En 2022, la hausse des prix énergétiques et la dépréciation de l’euro impliquent pour la France une détérioration des termes de l’échange, c’est-à-dire du rapport entre les prix des exportations et des importations. La France étant importatrice nette d’hydrocarbures, la hausse de leur prix relatif entraîne mécaniquement une perte de revenu réel du pays – qui représente le pouvoir d’achat de la nation – qui pourrait atteindre 85 Md€ en 2022, soit environ 3 points de PIB par rapport à 2019 (situation avant la pandémie).

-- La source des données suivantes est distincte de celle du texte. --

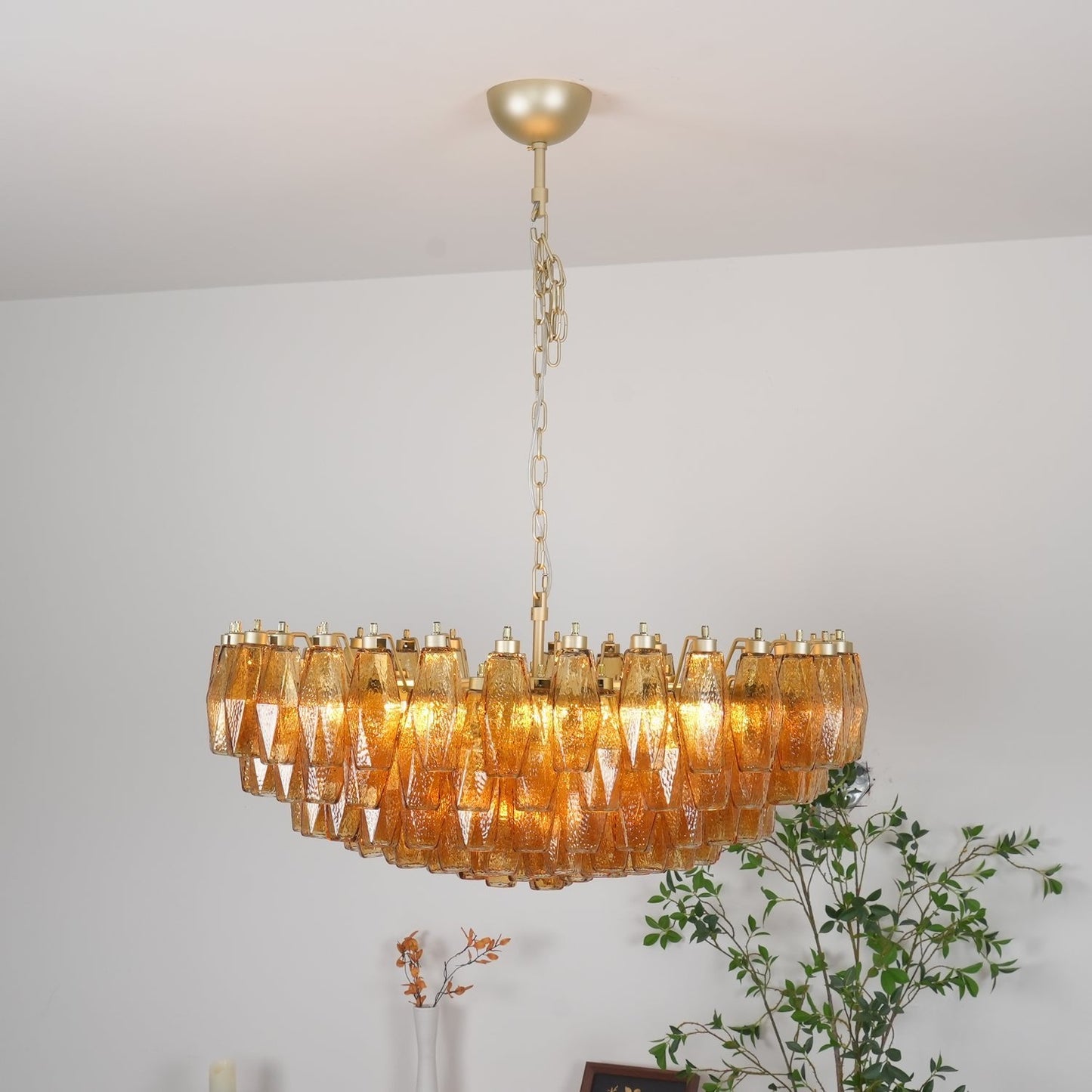 Rhombus Amber Glass Chandelier - Elegant Design & Adjustable Height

Cette estimation est obtenue dans un cadre statique ex ante afin d’isoler le choc énergétique avant diffusion et adaptation des comportements. Dans un cadre dynamique, les volumes importés peuvent diminuer en conséquence de la hausse des prix, expliquant que la dégradation effective de la facture énergétique de la France mesurée par les douanes soit plutôt de l’ordre de –2 ½ pts de PIB. Les entreprises peuvent également en partie répercuter la hausse de prix sur leurs exportations : en incluant la variation des prix des exportations et des importations hors énergie, le choc de termes de l’échange serait ramené à environ –1 ½ pt de PIB.

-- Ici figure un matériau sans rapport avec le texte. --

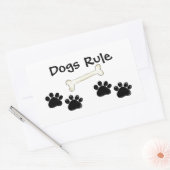 Dog Paw Prints Dogs Rule Rechteckiger Aufkleber (Umschlag)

Via les mesures de soutien, l’État prendrait en charge plus de la moitié des pertes de revenu réel en 2022. Les ménages supporteraient en direct 6 % des pertes restantes estimées, et les entreprises 42 %, mais les entreprises ayant la capacité de transmettre en partie les hausses de prix des intrants aux consommateurs, transmission relativement élevée et rapide, le reste à charge des ménages serait augmenté d’autant.

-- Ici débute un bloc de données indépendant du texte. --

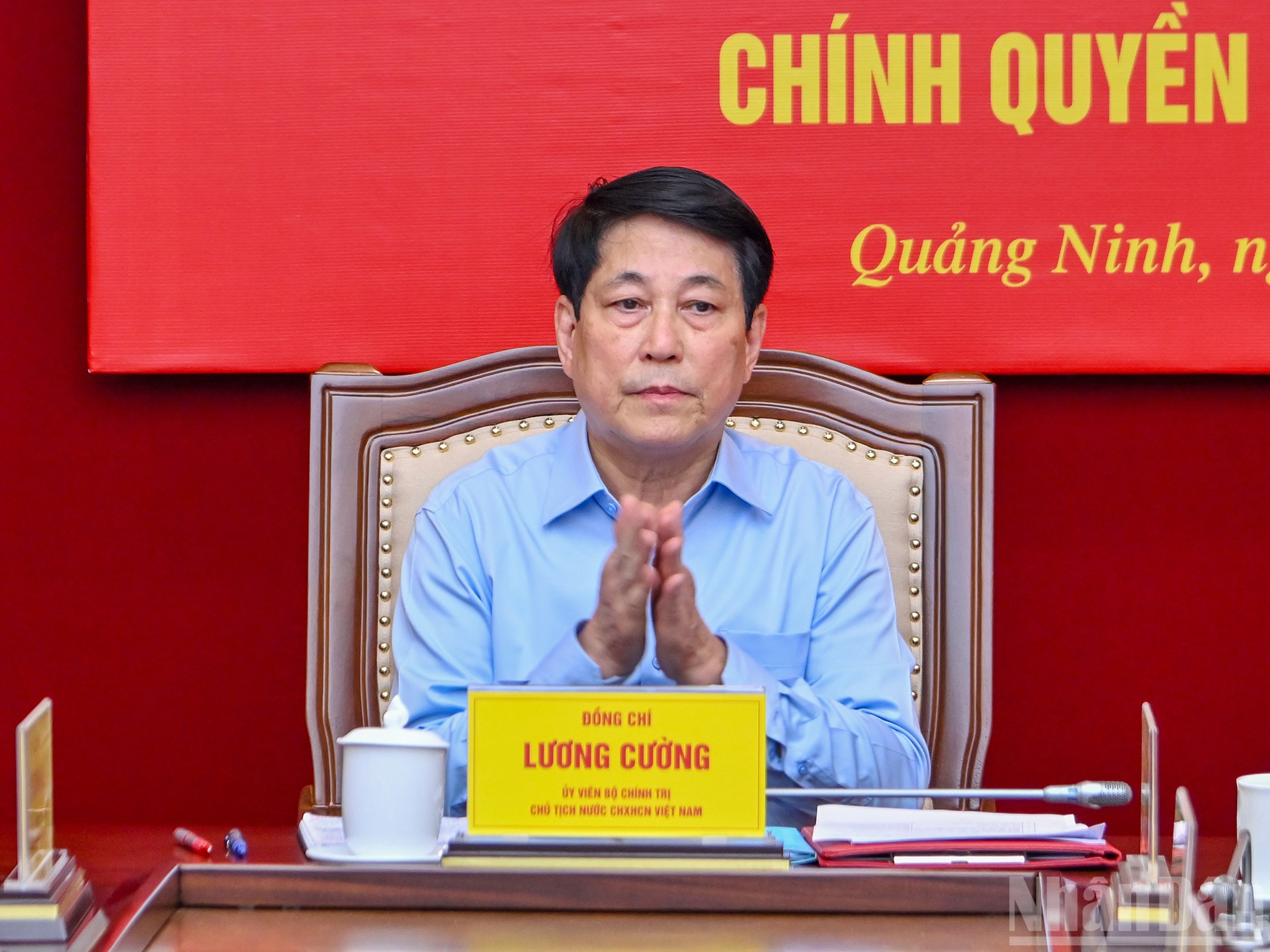 Chủ tịch nước Lương Cường chủ trì buổi làm việc với Tỉnh ủy Quảng Ninh. ndo_br_3-2157.jpg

Ces mesures de soutien ont été efficaces pour contenir l’inflation en France (la plus basse des pays de l’UE en octobre 2022), préserver le pouvoir d’achat des ménages et le tissu productif. Elles doivent cependant être complétées par des mesures de sobriété efficaces pour ne pas bloquer l’ajustement de la consommation d’énergie.

Financées aujourd’hui par endettement, les mesures prises reportent le coût de la facture énergétique sur les générations suivantes. Si un lissage dans le temps est justifié vu l’ampleur du choc, la compensation ne peut être permanente.

TE-318
  1. La perte de revenu réel de la France pourrait atteindre 85 Md€ en 2022 avec la crise énergétique

1.1 La France fait face à une importante détérioration des termes de l’échange en 2022

L’inflation qui touche actuellement la France et l’ensemble des économies européennes est principalement portée par la hausse des prix de l’énergie. D’un point de vue historique, l’Insee documente que les évolutions de prix des échanges extérieurs de la France reflètent surtout la variation des prix des produits fossiles dont la France est importatrice. Dans le contexte actuel de crise énergétique, le renchérissement des énergies importées dégrade les termes de l’échange, même si ce choc de prix importé peut en partie être répercuté dans les prix à l’exportation (Encadré 1).

Évaluer la dégradation des termes de l’échange liée à la crise énergétique amène à s’intéresser aux hausses de prix du pétrole et du gaz, ainsi qu’à la dépréciation de l’euro qui renchérit les prix du pétrole, principalement acheté en dollars (80 % environ selon Eurostat). Le rôle du prix de l’électricité n’est ici pas pris en compte au-delà de la hausse du prix du gaz, car la France n’est généralement pas importatrice nette. L’effet de la dépréciation de l’euro sur le solde hors énergie est également exclu de la présente analyse car il est minime.

Concernant le pétrole (Graphique 1), la hausse du prix importé provient donc à la fois de la hausse des prix du pétrole en dollars et, dans une moindre mesure, de la dépréciation de l’euro par rapport au dollar. En retenant le cours du Brent pour le brut, augmenté d’une marge de raffinage (50 % du pétrole importé par la France est raffiné), le prix en euros du pétrole importé aurait augmenté de 77 % en moyenne annuelle entre 2019 et 2022 (Encadré 2). Cette hausse de prix intègre l’effet change, avec une dépréciation de l’euro en moyenne annuelle estimée à 6 % entre 2019 et 2022.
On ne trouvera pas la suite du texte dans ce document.